Matteo Giulio Bartoli (22 November 1873, Labin/Albona – 23 January 1946, Turin/Torino) was an Italian linguist from Istria (then a part of Austria-Hungary, today part of modern Croatia).
He obtained a doctorate at the University of Vienna and was heavily influenced by his teacher Wilhelm Meyer-Lubke, as well as by certain theories of the Italian philosopher Benedetto Croce and the German linguist Karl Vossler. He later also studied with Jules L. Gillieron in Paris.
In 1907 he became professor extraordinaire of comparative history of classical and neo-Latin languages in Pisa, but soon after that he move to the University of Turin where he taught the same subjects in the Faculty of Letters until his death.
His study on the Dalmatian language, Das Dalmatische (2 vol. 1906) is the only known complete description of the language which is now extinct.
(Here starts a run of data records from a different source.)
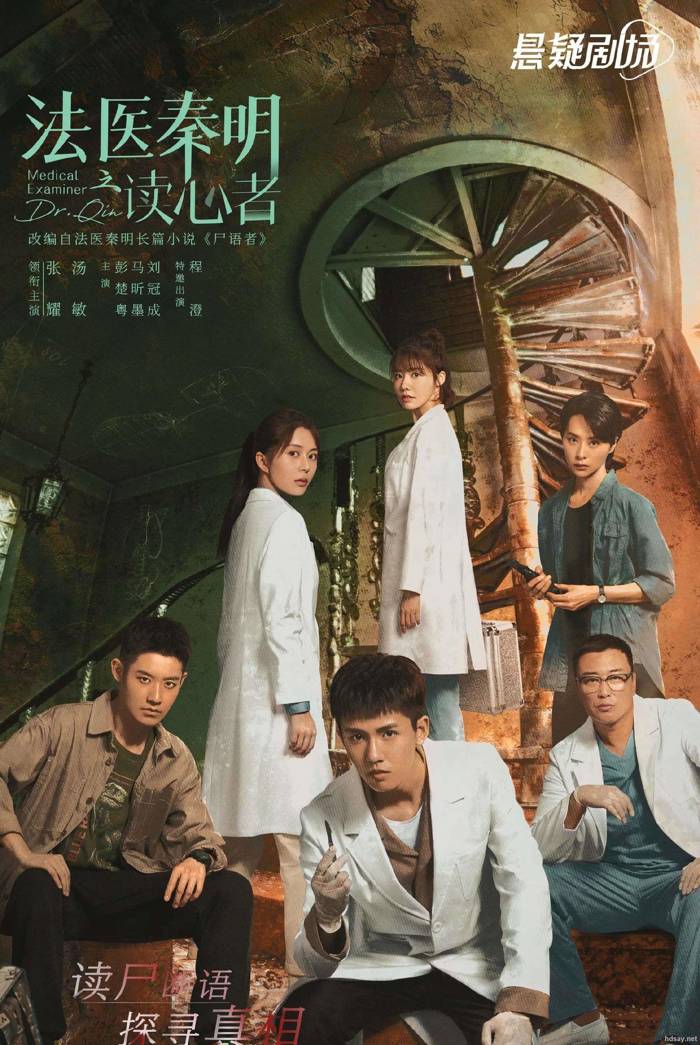 法醫秦明之讀心者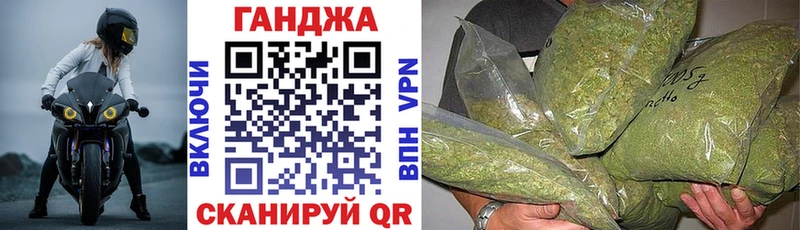 Шишки марихуана MAZAR  Уфа 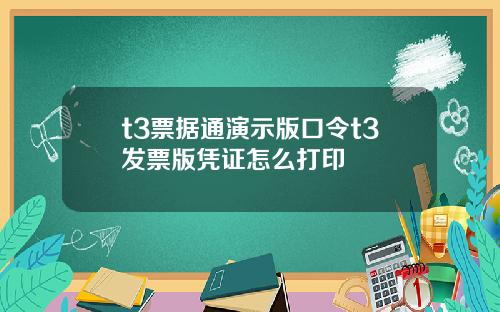 t3票据通演示版口令t3发票版凭证怎么打印
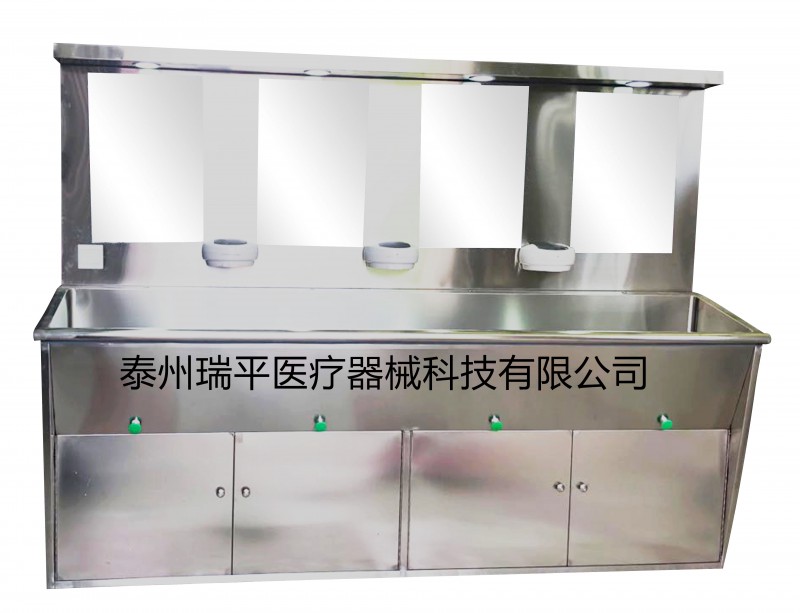 醫用304不銹鋼手術室洗手池外科刷手槽感應腳踏醫院洗手臺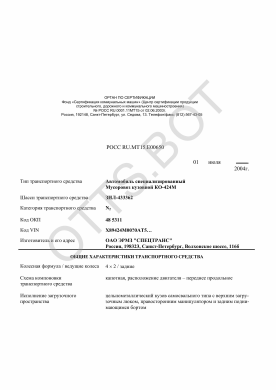 ОТТС РОСС RU.МТ15.Е00650 — превью документа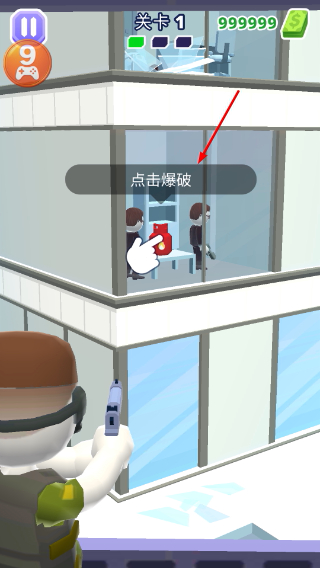 地狱直升机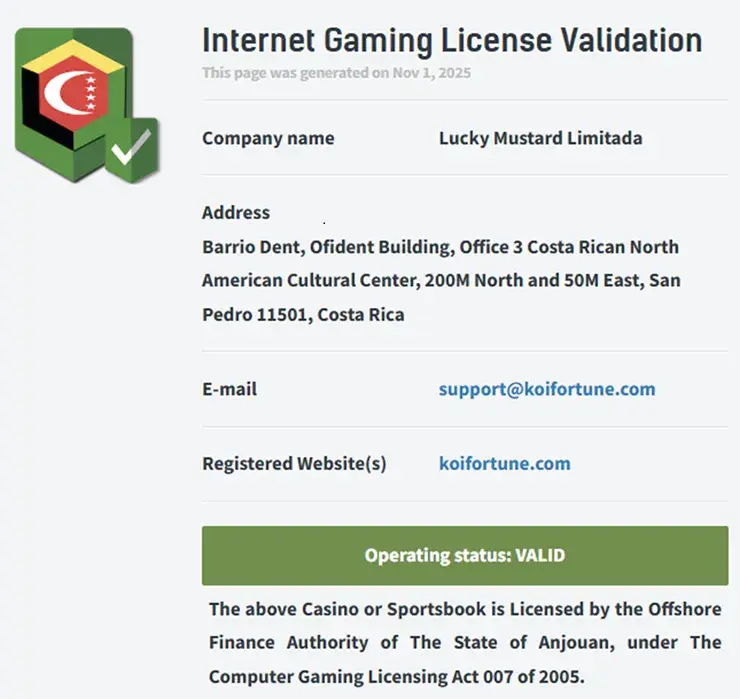 コイフォーチュン　ライセンス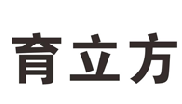 育立方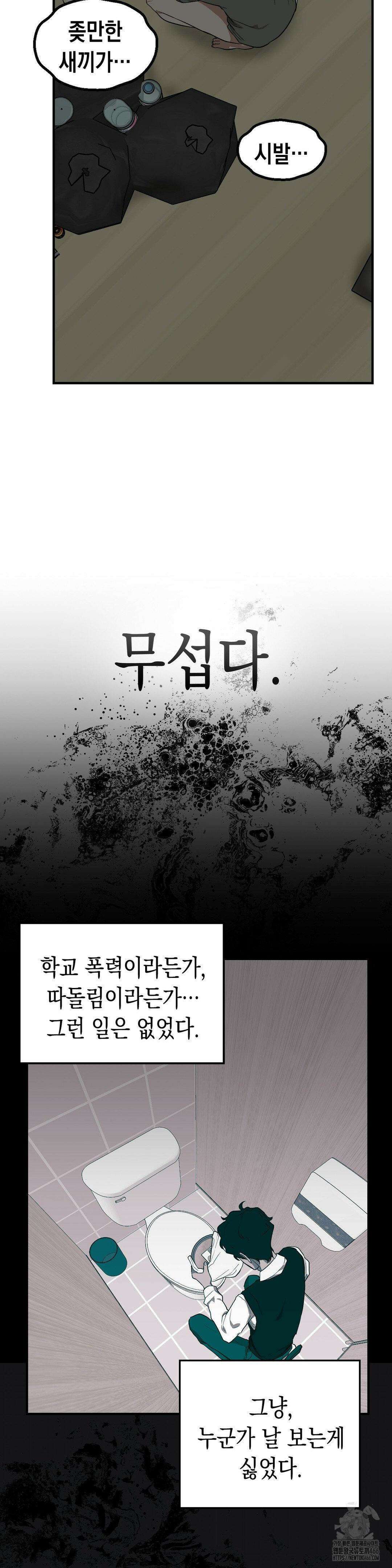 아웃사이드 더 도어 1화 17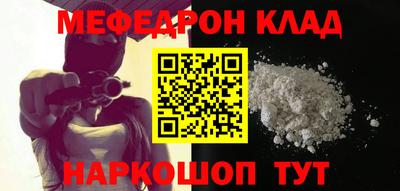 jwh Ипатово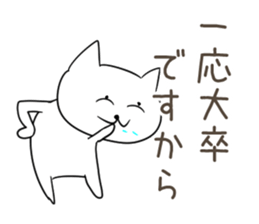 Very sadistic cat sticker #10210918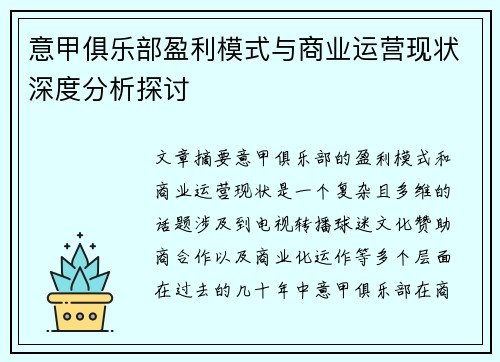 意甲俱乐部盈利模式与商业运营现状深度分析探讨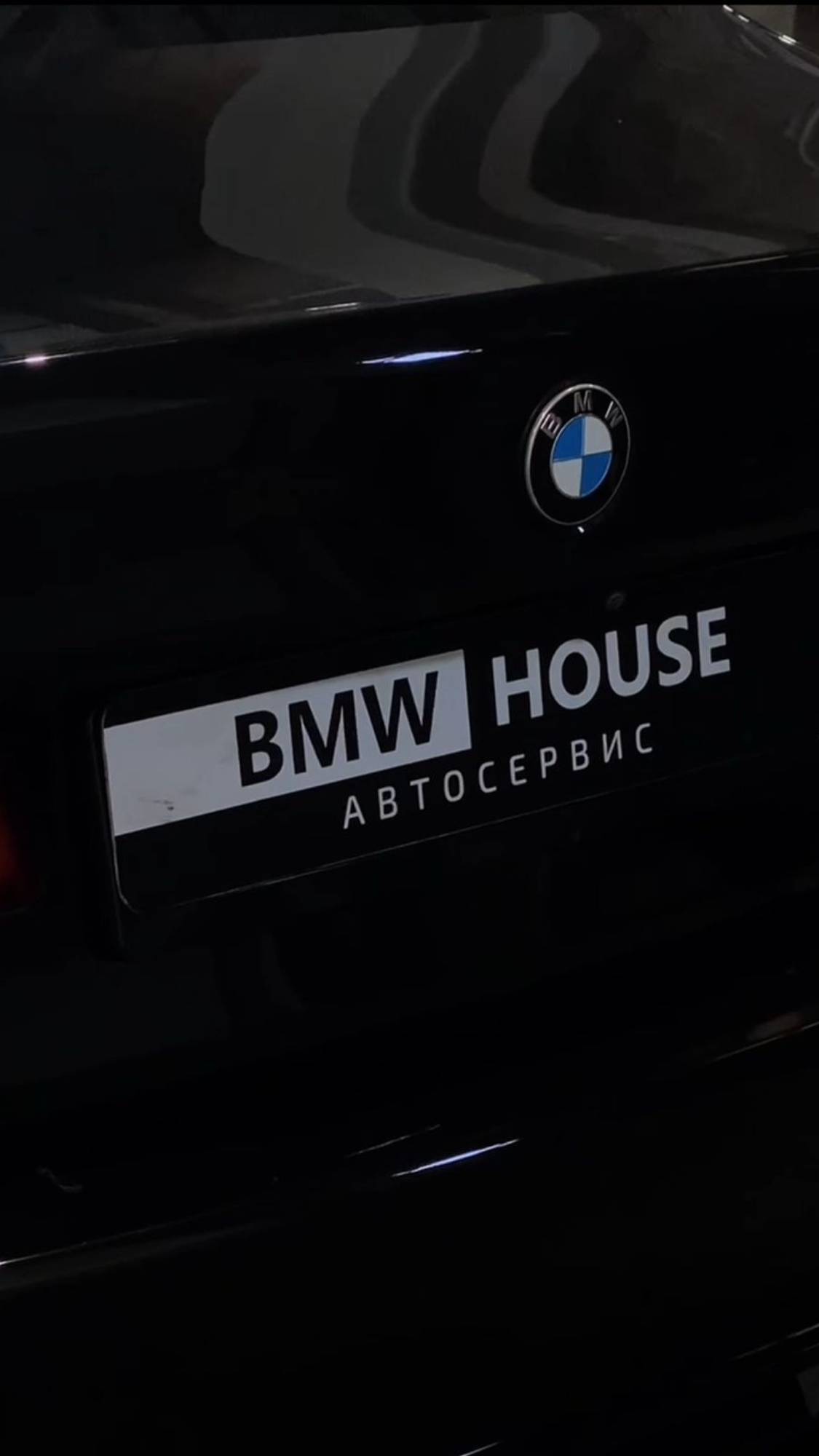 Добро пожаловать в Автотехцентр "BMW House"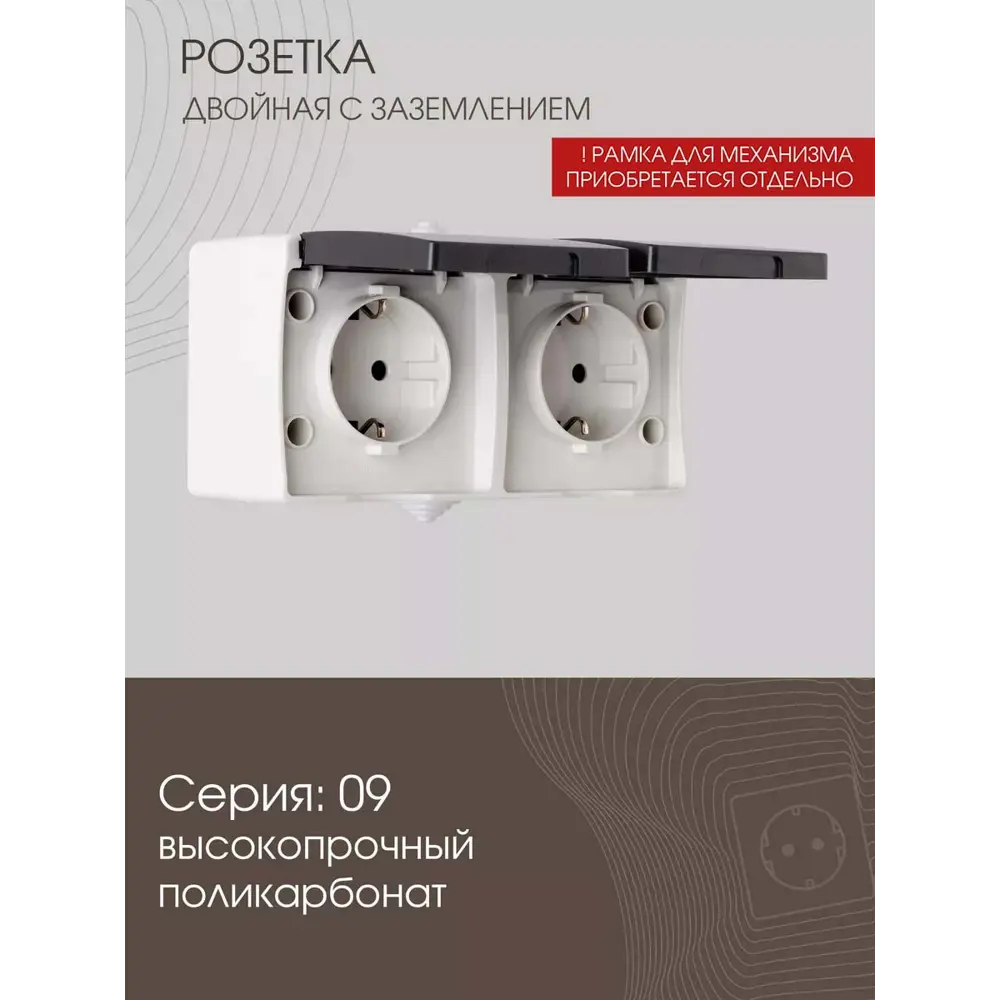 Фото 2 Розетка двойная встраиваемая Arte milano 309.40-2.grey с заземлением цвет серый Фото 2 Розетка двойная встраиваемая Arte milano 309.40-2.grey с заземлением цвет серый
He wrote it in Italian in two volumes, and later published a translation to German. However, the original Italian is now lost and only in 2000 an Italian translation from German was published. Bartoli used data gathered in 1897 from the last speaker of Dalmatian, Tuone Udaina, who was killed by a bomb on June 10, 1898; and thus the language became extinct.
He also wrote Introduzione alla neolinguistica ("Introduction in neolinguistics", 1925) and Saggi di linguistica spaziale ("Essays of spatial linguistics", 1945) and was the teacher of Antonio Gramsci.